Baurecht für die Erneuerung der Talbrücke Kürnach im Zuge der A 7

Regierung von Unterfranken erlässt Planfeststellungsbeschluss

Würzburg (ruf) – Die Regierung von Unterfranken schafft mit dem Planfeststellungsbeschluss vom 20.12.2016 Baurecht für die Erneuerung der Talbrücke Kürnach, einer Brücke der Bundesautobahn A 7 zwischen der Anschlussstelle Würzburg/Estenfeld und dem Autobahnkreuz Biebelried.

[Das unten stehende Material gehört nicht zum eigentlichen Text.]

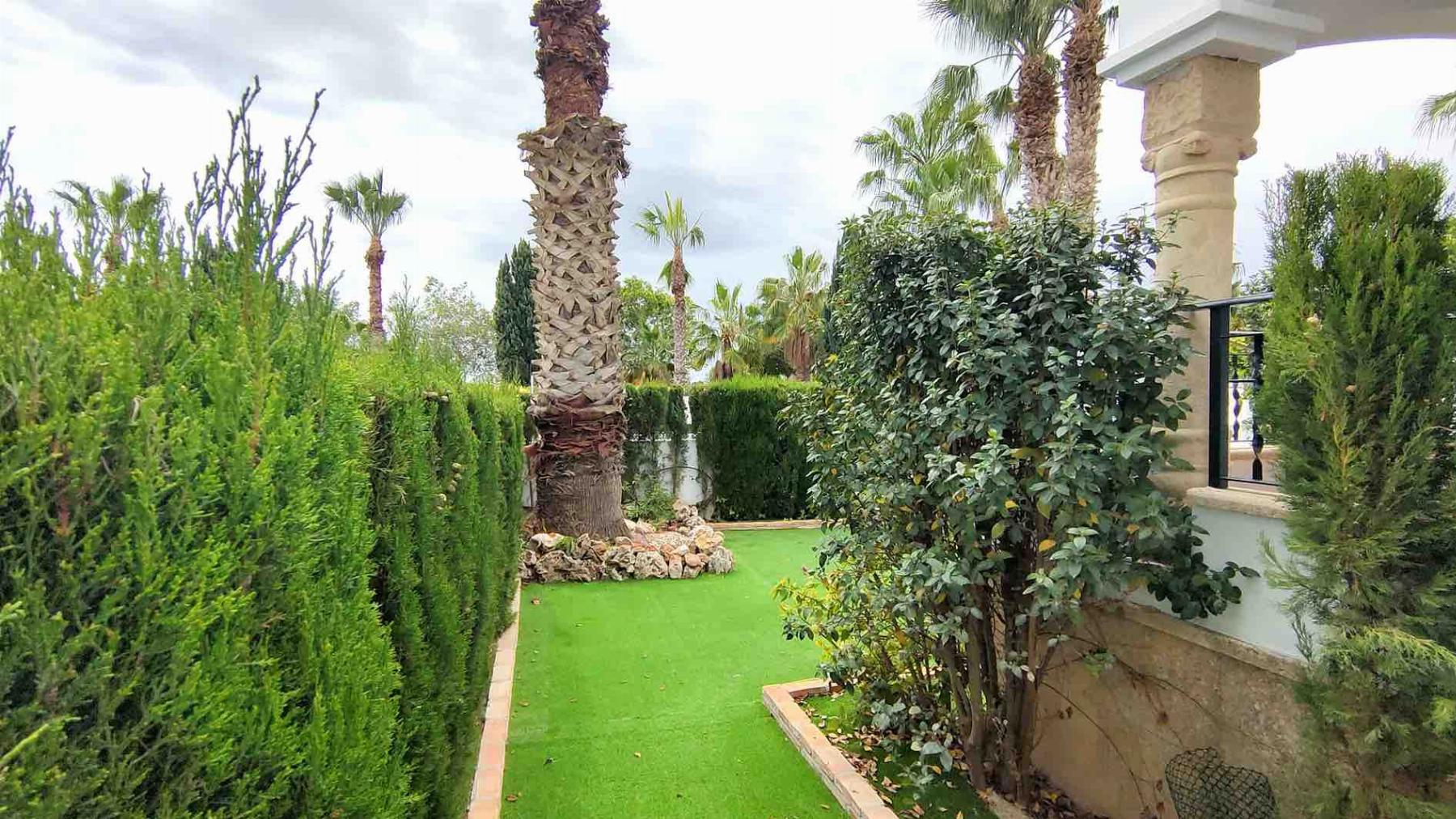For sale of apartment in Orihuela Costa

Die gesamte Baulänge einschließlich der Anpassungsstrecken an die bestehende Autobahn beträgt ca. 780 m. Auf das eigentliche Brückenbauwerk entfallen davon ca. 353 m.

Die Brückenerneuerung erfolgt bestandsnah, wobei die Querneigung im Bauwerksbereich auf ein regelgerechtes Maß gebracht wird. Das neue Brückenbauwerk ist bereits für einen eventuellen späteren sechsstreifen Ausbau der BAB A 7 ausgelegt. Der Trassenverlauf er-folgt analog dem Bestand. Um eine optimale Einpassung in das Gelände zu ermöglichen, wird die neue Talbrücke mit sechs Brückenfeldern errichtet. Da das Bestandsbauwerk lediglich einen gemeinsamen Brückenüberbau ohne getrennte Einzelbauwerke für die verschiedenen Richtungsfahrbahnen Fulda bzw. Würzburg besitzt, ist die Errichtung eines bauzeitlichen Provisoriums in Form einer Überleitung von der Bestandsfahrbahn auf den in seitlich versetzter Lage errichteten Richtungsfahrbahnüberbau Fulda vorgesehen. Am Ende der Maßnahme wird das Provisorium wieder rückgebaut.

Die Talbrücke Kürnach wurde im Jahr 1965 errichtet. Der einteilige Überbau ist als Stahlverbundbrücke mit längs- und quervorgespannter Betonfahrbahnplatte ausgeführt. Das Bestandsbauwerk weist markante Schäden auf, die die Dauerhaftigkeit und die Standsicherheit beeinträchtigen. Der finanzielle Aufwand für einen Erhalt des bestehenden Bauwerks ist wirtschaftlich nicht vertretbar.

Durch die geplante Sanierung der Bauwerksentwässerung mit Anlage eines Absetzbeckens und Regenrückhaltebeckens südlich des Brückenbauwerks wird eine erhebliche Verbesserung des Gewässerschutzes erzielt. Der bestehende Parkplatz „Huthstatt“ wird während der gesamten Bauzeit als Baustellenzufahrt benötigt und für den öffentlichen Verkehr gesperrt. Nach Fertigstellung der Baumaßnahme wird der Parkplatz wieder für den öffentlichen Verkehr freigegeben.

Die Durchführung der Baumaßnahme ist ab 2017 vorgesehen. Die Gesamtkosten betragen rund 39 Millionen €.

Hinweis:
Der Planfeststellungsbeschluss vom 20.12.2016, die Planunterlagen und die Bekanntmachung können auch auf der Internetseite der Regierung von Unterfranken unter der Rubrik „Planung und Bau“ > straßenrechtliche Planfeststellungsverfahren eingesehen werden. Maßgeblich ist jedoch allein der Inhalt der ausgelegten Unterlagen.